Scientists associated with the Silesian Water Centre of the University of Silesia in Katowice can conduct research using the newly purchased research boat – UŚKA II.
‘For many years we sailed the Troll Master 800 boat, which was called UŚKA. However, we could only use in the Goczałkowice water reservoir, where we have conducted various scientific projects. The research results and tools developed by us can also be used in other water regions, so we needed equipment that would be more modern and adjusted to our needs’, explains Prof. Andrzej Woźnica, Director of the Silesian Water Centre of the University of Silesia in Katowice, who has steered the boat since the very beginning with a lot of pleasure.
First of all, UŚKA II is lighter, thanks to which it may be transported to every place where the scientists will perform the measurements of different water reservoirs. It is equipped e.g. with special extension arms that allow for bringing various measuring devices, such as acoustic Doppler flow meter, outside the boat area. The scientists also have at their disposal sonars for bathymetric measurements, based on which the bottom shape of the examined water reservoir can be projected. Moreover, they can use a special crane for collecting water or sediment samples.
Also important is the possibility to roof the boat, which significantly improves the comfort of conducting research by the scientists, who often spend many hours on the water to collect the material for analyses.
‘We are currently handling the formalities, learning to use the equipment and testing its possibilities’, says Prof. Andrzej Woźnica.
‘I must admit that after several months of remote work I cannot wait to sit at the controls of the boat and set off to study new water reservoirs again’, he adds.
In the near future, the scientists are planning to continue the research on the Pogoria water reservoirs. They will mainly carry out multi-parameter measurements of water quality, based on which they will prepare the mathematical model for a specific reservoir. Thanks to this, they will assess its condition, define the potential risks, develop the recultivation plan and, most importantly, prepare materials to help its reasonable management.
‘For example, we prepare water chemical maps and reservoir bathymetric maps.
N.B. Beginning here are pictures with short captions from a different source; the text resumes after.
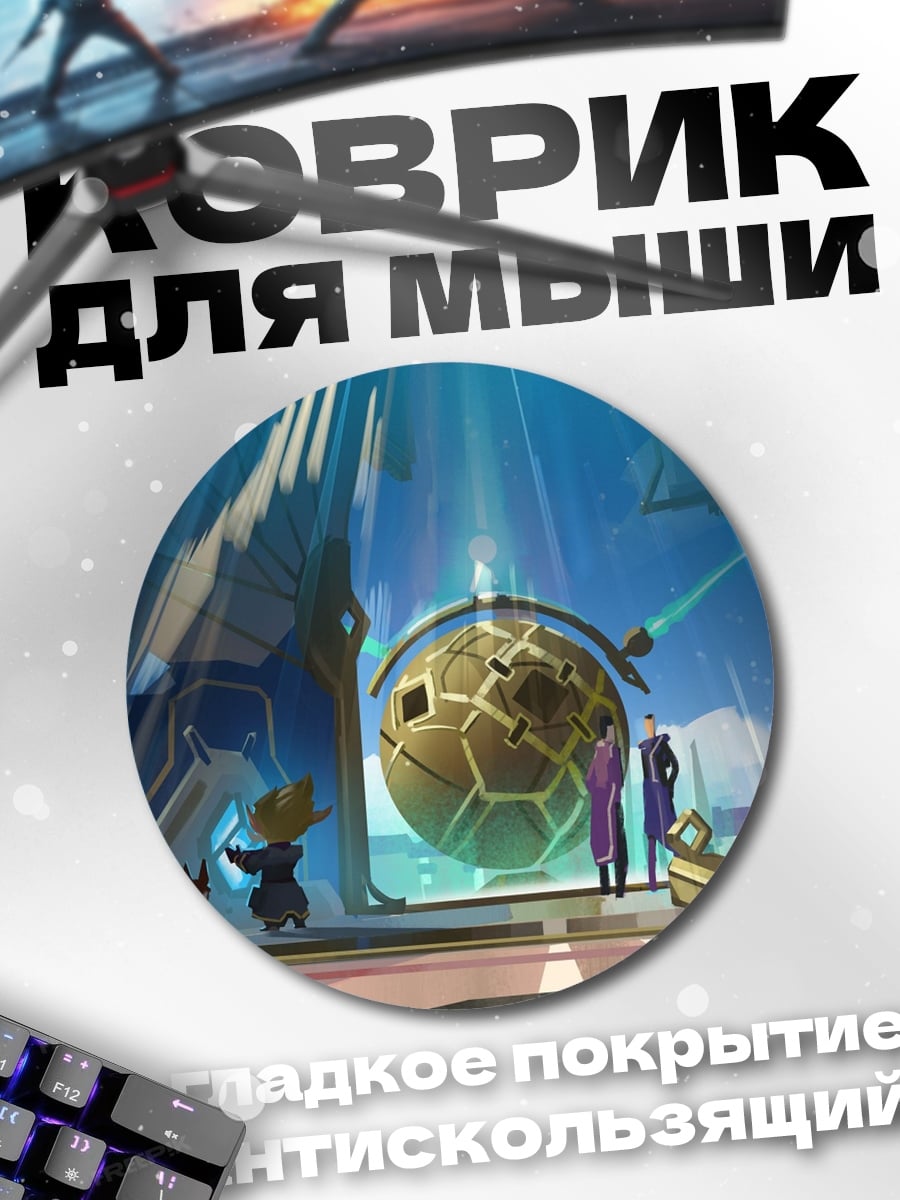 Коврик круглый Фантастический портал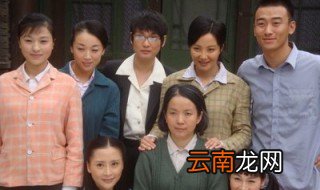 傻春最后一集大结局 全家聚到了一起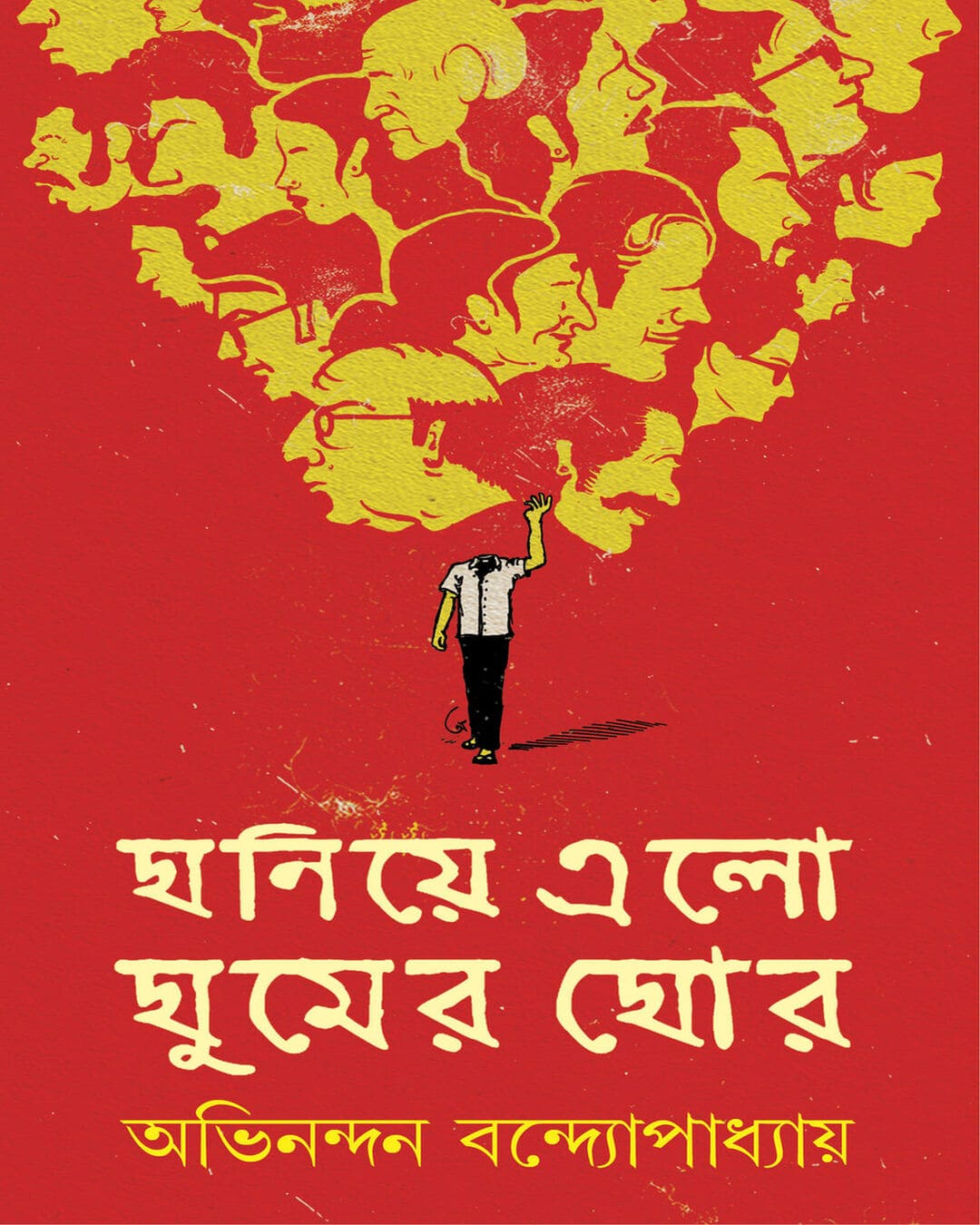 Ghoniye Elo Ghumer Ghor by Abhinandan Bandyopadhyay [Hardcover] - versoz.com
We are interested in its catchment, because what happens there later affects the functioning of the examined reservoir’, explains the scientist from the University of Silesia.
‘The effects of our research performed for years in the reservoir in Goczałkowice using UŚKA may support the protection of other reservoirs in Poland and abroad, the only difference being that we are now using a new research boat – UŚKA II’, he sums up.